Dh weekly pay is 486 (2106 per month)
My JSA 106.40


So 486 + 106.40 = 592.40 per week. 

It still comes under the limit of €602. 

Do you think we still might be eligible? Would my JSA be affected in this instance?


----------



## an duin (7 Jan 2013)

as your family income is under the 602euro required you are entitled to claim fis,you will receive 20 euro per week as it is the minimum payment.


----------



## an duin (7 Jan 2013)

your jsa wont be affected as fis is only a top up payment


----------



## yellow76 (7 Jan 2013)

Thanks but I thought I read somewhere that my increase for qualified adult would be affected??

Apologies for being so unclear, I'm not even sure what increase for qualified adult is..


----------



## an duin (10 Jan 2013)

that is your jsa payment,contact citizen info and they will explain all in 5 minutes


----------



## pudds (10 Jan 2013)

> *Who is a qualified adult?*
> 
> A qualified adult is someone you are married to or living with as husband and wife and who you are wholly or mainly maintaining.​ If your spouse or partner is earning €100.00 per week or  less you will get a full increase for a qualified adult. If their  earnings are between €100.01 and €310.00 gross per week, you will  receive a reduced rate of the increase for a qualified adult.​



http://www.welfare.ie/EN/Publicatio...tsforaqualifiedadultandqualifiedchildren.aspx


---


----------



## yellow76 (10 Jan 2013)

Thank you for replies. From what I read there, given my husbands wages (over 310euro)  I shouldn't be getting increase for QA, but it looks to me like I am? How can I check this? 
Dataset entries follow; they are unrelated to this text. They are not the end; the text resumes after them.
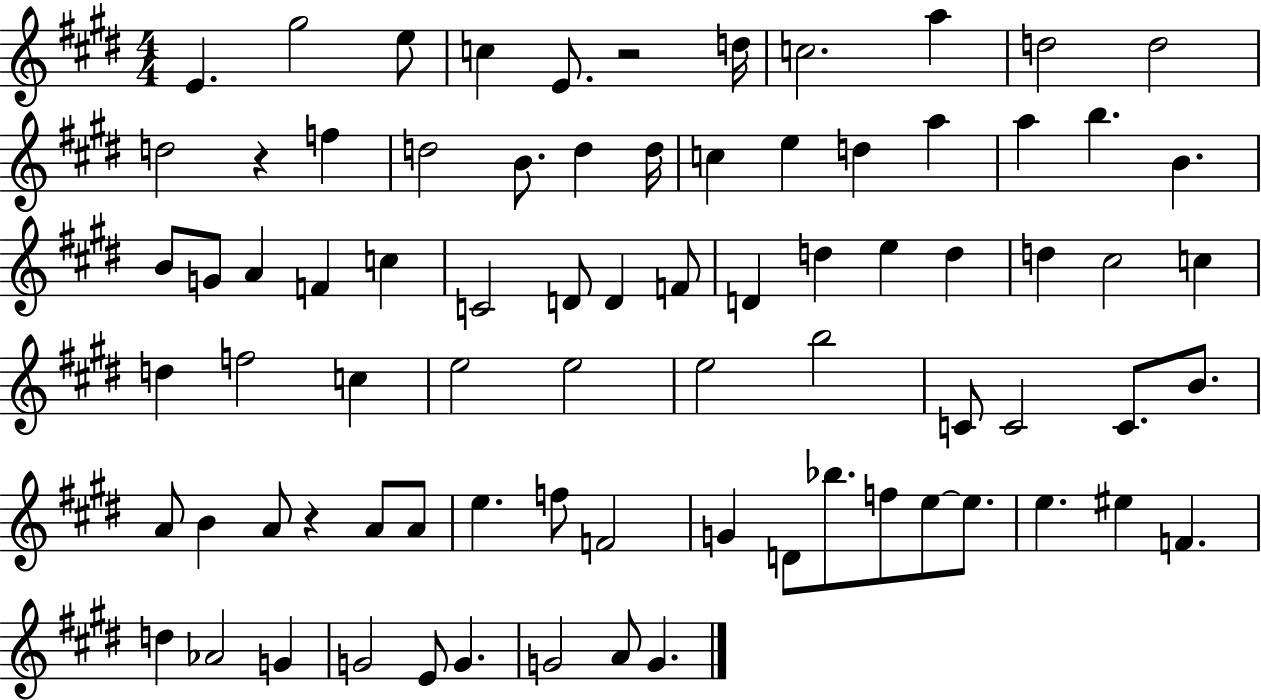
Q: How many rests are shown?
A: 3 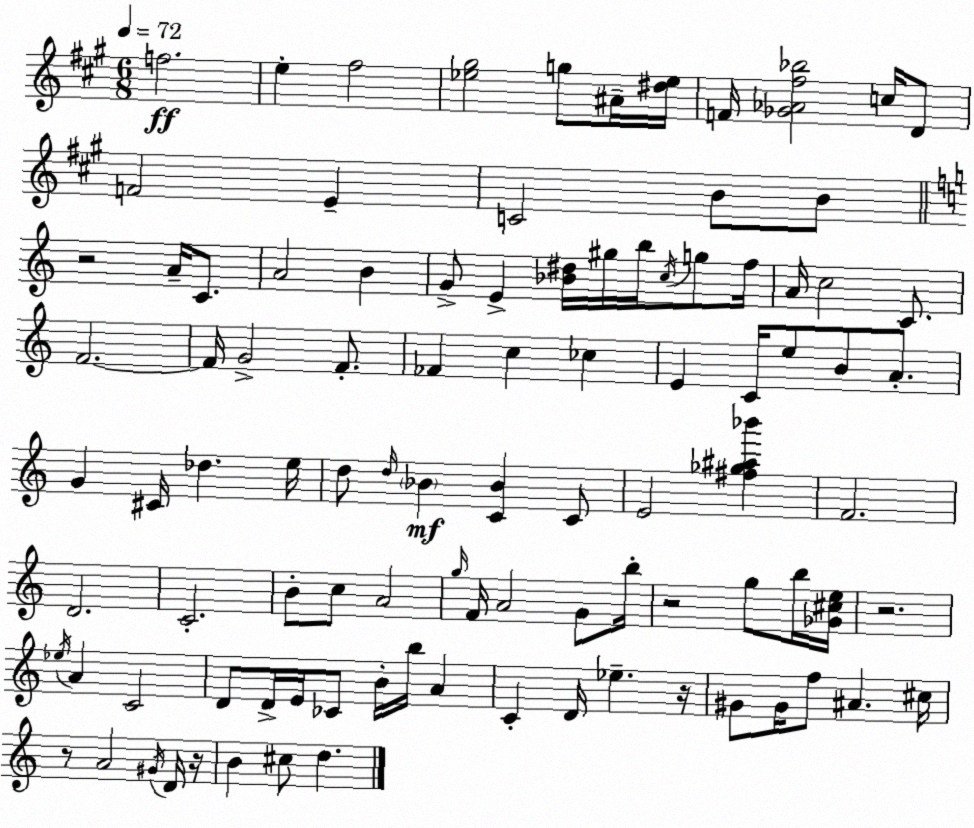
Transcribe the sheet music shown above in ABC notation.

X:1
T:Untitled
M:6/8
L:1/4
K:A
f2 e ^f2 [_e^g]2 g/2 ^A/4 [^d_e]/4 F/4 [_G_A^f_b]2 c/4 D/2 F2 E C2 B/2 B/2 z2 A/4 C/2 A2 B G/2 E [_B^d]/4 ^g/4 b/4 c/4 g/2 f/4 A/4 c2 C/2 F2 F/4 G2 F/2 _F c _c E C/4 e/2 B/2 A/2 G ^C/4 _d e/4 d/2 d/4 _B [C_B] C/2 E2 [^f_g^a_b'] F2 D2 C2 B/2 c/2 A2 g/4 F/4 A2 G/2 b/4 z2 g/2 b/4 [_G^ce]/4 z2 _e/4 A C2 D/2 D/4 E/4 _C/2 B/4 b/4 A C D/4 _e z/4 ^G/2 ^G/4 f/2 ^A ^c/4 z/2 A2 ^G/4 D/4 z/4 B ^c/2 d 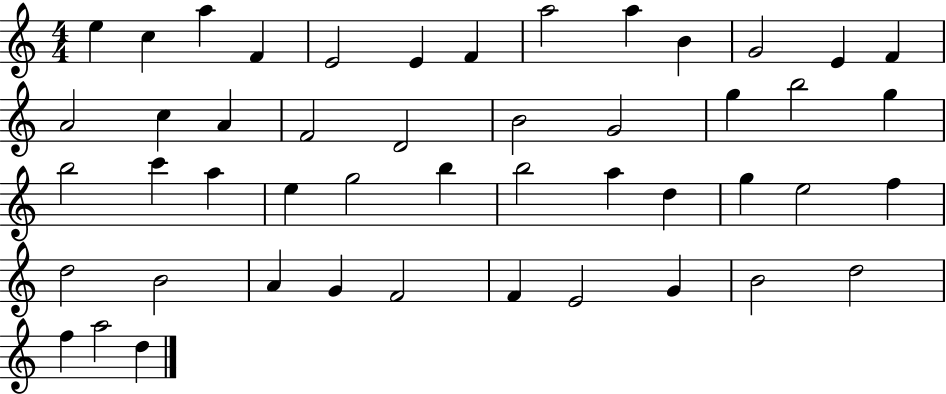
X:1
T:Untitled
M:4/4
L:1/4
K:C
e c a F E2 E F a2 a B G2 E F A2 c A F2 D2 B2 G2 g b2 g b2 c' a e g2 b b2 a d g e2 f d2 B2 A G F2 F E2 G B2 d2 f a2 d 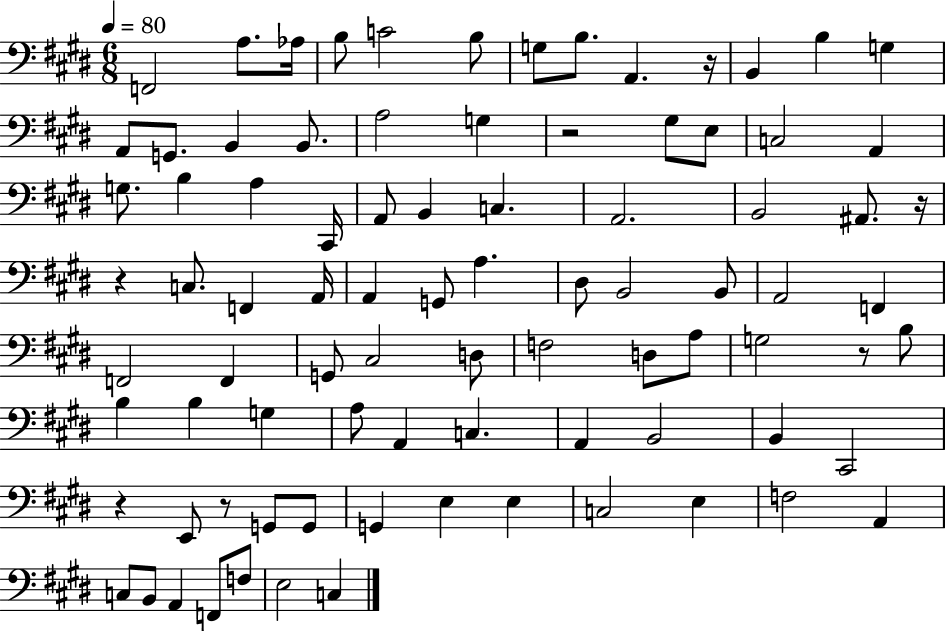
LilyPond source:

{
  \clef bass
  \numericTimeSignature
  \time 6/8
  \key e \major
  \tempo 4 = 80
  f,2 a8. aes16 | b8 c'2 b8 | g8 b8. a,4. r16 | b,4 b4 g4 | \break a,8 g,8. b,4 b,8. | a2 g4 | r2 gis8 e8 | c2 a,4 | \break g8. b4 a4 cis,16 | a,8 b,4 c4. | a,2. | b,2 ais,8. r16 | \break r4 c8. f,4 a,16 | a,4 g,8 a4. | dis8 b,2 b,8 | a,2 f,4 | \break f,2 f,4 | g,8 cis2 d8 | f2 d8 a8 | g2 r8 b8 | \break b4 b4 g4 | a8 a,4 c4. | a,4 b,2 | b,4 cis,2 | \break r4 e,8 r8 g,8 g,8 | g,4 e4 e4 | c2 e4 | f2 a,4 | \break c8 b,8 a,4 f,8 f8 | e2 c4 | \bar "|."
}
Have I got this all wrong?


----------



## pudds (10 Jan 2013)

yellow76 said:


> Thank you for replies. From what I read there, given my husbands wages (over 310euro)  I shouldn't be getting increase for QA, but it looks to me like I am? How can I check this?
> 
> Have I got this all wrong?



you can check here.     CLAIM   FOR AN ADULT DEPENDANT (IQA)


----------



## yellow76 (10 Jan 2013)

I've read all of this and am still confused

Because I'm claiming Jobseekers benefit, and its means tested, does that mean I automatically can claim for qualified adult, even though my husband earns more than the 310euro a week?


----------



## pudds (10 Jan 2013)

yellow76 said:


> I receive 106.40 per week JSA
> My Husband earns 450 (net)  per week works full time
> 
> So our income is 556.40 per week.
> ...



Forget about Qualified Adult for your husband, he is not dependent on you.
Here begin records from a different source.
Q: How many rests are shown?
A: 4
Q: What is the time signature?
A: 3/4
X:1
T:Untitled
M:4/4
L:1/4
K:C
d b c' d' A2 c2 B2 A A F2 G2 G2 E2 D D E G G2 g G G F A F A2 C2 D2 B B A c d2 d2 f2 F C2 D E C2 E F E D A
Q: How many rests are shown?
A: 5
FIS is the way  to go.  Applying for FIS will not reduce your JSA but is designed to give you more if your entitled to it.


----------



## yellow76 (13 Jan 2013)

That's right. he's not dependant on me. He earns more than 310euro a week so why is my JSA calculated, giving me an increase for him?

Personal allowance 188
Increase for q.a.     124.80
increase for q.c x2  59.60 = 372.40 - 266 (Our means) = 106.40 my jsa. 

Is this correct? From what I'm reading I may not be entitled to claim increase for q.a  ( I didn't claim for him on the form, but this is what has come back from s.w)


----------



## gipimann (13 Jan 2013)

You're on Jobseeker's Allowance, not Jobseeker's Benefit.   The €310 earnings limit for QA increases applies to Jobseeker's Benefit only - i.e. if you were in receipt of Jobseeker's Benefit, you would not be entitled to a qualified adult increase due to your other half's earnings.

The method of calculating entitlement for Jobseekers Allowance is different:

Means from employment are deducted from the full family rate (including QA and QC - child increases) to determine the rate of payment.

More information can be found here:
http://www.citizensinformation.ie/e...e_payments/work_and_jobseekers_allowance.html


----------



## yellow76 (14 Jan 2013)

Phew. Thanks Gipimann. That's sorted. 

Thank you so much everyone


----------